▶ _What you should do_
Below are records to be reproduced exactly and in full.

▶ _Data extract_

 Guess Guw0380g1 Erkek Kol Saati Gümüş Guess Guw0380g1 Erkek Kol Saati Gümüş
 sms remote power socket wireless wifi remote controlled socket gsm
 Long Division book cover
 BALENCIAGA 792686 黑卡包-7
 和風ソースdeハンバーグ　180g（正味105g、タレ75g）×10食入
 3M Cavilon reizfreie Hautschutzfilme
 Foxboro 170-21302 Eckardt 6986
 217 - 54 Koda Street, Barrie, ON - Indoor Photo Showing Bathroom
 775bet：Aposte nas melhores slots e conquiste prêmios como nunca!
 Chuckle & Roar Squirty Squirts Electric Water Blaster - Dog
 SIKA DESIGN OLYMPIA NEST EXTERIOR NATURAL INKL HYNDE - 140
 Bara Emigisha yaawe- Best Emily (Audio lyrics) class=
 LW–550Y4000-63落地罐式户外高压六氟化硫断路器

▶ _Answer section_
 Guess Guw0380g1 Erkek Kol Saati Gümüş Guess Guw0380g1 Erkek Kol Saati Gümüş
 sms remote power socket wireless wifi remote controlled socket gsm
 Long Division book cover
 BALENCIAGA 792686 黑卡包-7
 和風ソースdeハンバーグ　180g（正味105g、タレ75g）×10食入
 3M Cavilon reizfreie Hautschutzfilme
 Foxboro 170-21302 Eckardt 6986
 217 - 54 Koda Street, Barrie, ON - Indoor Photo Showing Bathroom
 775bet：Aposte nas melhores slots e conquiste prêmios como nunca!
 Chuckle & Roar Squirty Squirts Electric Water Blaster - Dog
 SIKA DESIGN OLYMPIA NEST EXTERIOR NATURAL INKL HYNDE - 140
 Bara Emigisha yaawe- Best Emily (Audio lyrics) class=
 LW–550Y4000-63落地罐式户外高压六氟化硫断路器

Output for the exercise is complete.